Set in 1860s Russia, this wonderfully entertaining historical crime novel opens with perfect panache: an aging former prostitute trudges through the snow in St. Petersburg’s Petrovsky Park gathering wood for her evening fire; each step is an effort, each bend and rise a small agony until an errant glance shows her a horror unimagined: before her, suspended from a tree, hangs a dead man with a bloody axe dangling from his belt. And a few feet away there lies the body of a dwarf, his head split open, and beside him is a box overflowing with rubles.
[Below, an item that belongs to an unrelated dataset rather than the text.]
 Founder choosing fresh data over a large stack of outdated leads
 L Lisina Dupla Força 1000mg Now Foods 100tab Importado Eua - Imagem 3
Voila, the mystery is afoot.
 
To investigate this remarkable crime, British novelist R. N. Morris borrows police magistrate Porfiry Petrovich, who first appeared as a minor character in Fyodor Dostoevsky’s classic novel “Crime and Punishment.” With his shrewd demeanor and eccentric twitches, Porfiry Petrovich takes the case in hand and begins to tease out the psychological quirks of his cagey witnesses and suspects, despite a constant butting of heads with his colleagues. (One of whom kindly explains to him, “This is Russia. We are governed, not by logic, but by authority.”) Morris reveals the inspector’s own character only slowly and through the eyes of others, and that unveiling is an incredible treat: are his emotions really so subordinate to his reason, or is his quick acuity perhaps a too-eager defense against the human corruptions of his work?
 
“The Gentle Axe” traipses through brothels and slums, pawnbrokers and Petersburg squares with splendidly jovial Russian moroseness. Morris’s tone is clever, empathetic, and darkly joking, and he demonstrates a keen ability to evoke enchantment even from streets and sewers:
 
“The strongest aromas came as he passed the bakeries, the spice and incense sellers, the tea and tobacco traders. Then he felt the fainter but no less enticing breaths of the honey stalls and the chandlers. The fermenting complexity of the preserved fruit merchants tempted him to linger, while the dusty cough and pungent smack of the chalk and pitch dealers, their shops decorated outside with balalaikas, hurried him on.”
 
Enthusiasts of literary mysteries, armchair time travel, and curious characters replete with foibles and funks will relish this quick-paced novel and the elegant protagonist at its center. Enjoy this first Porfiry Petrovich mystery now, and be sure to reserve a copy of its excellent follow-up, “A Vengeful Longing,” due out in early June. These stories are full meals to a hungry reader, nourishing as well as entertaining; they are bread and vodka, both.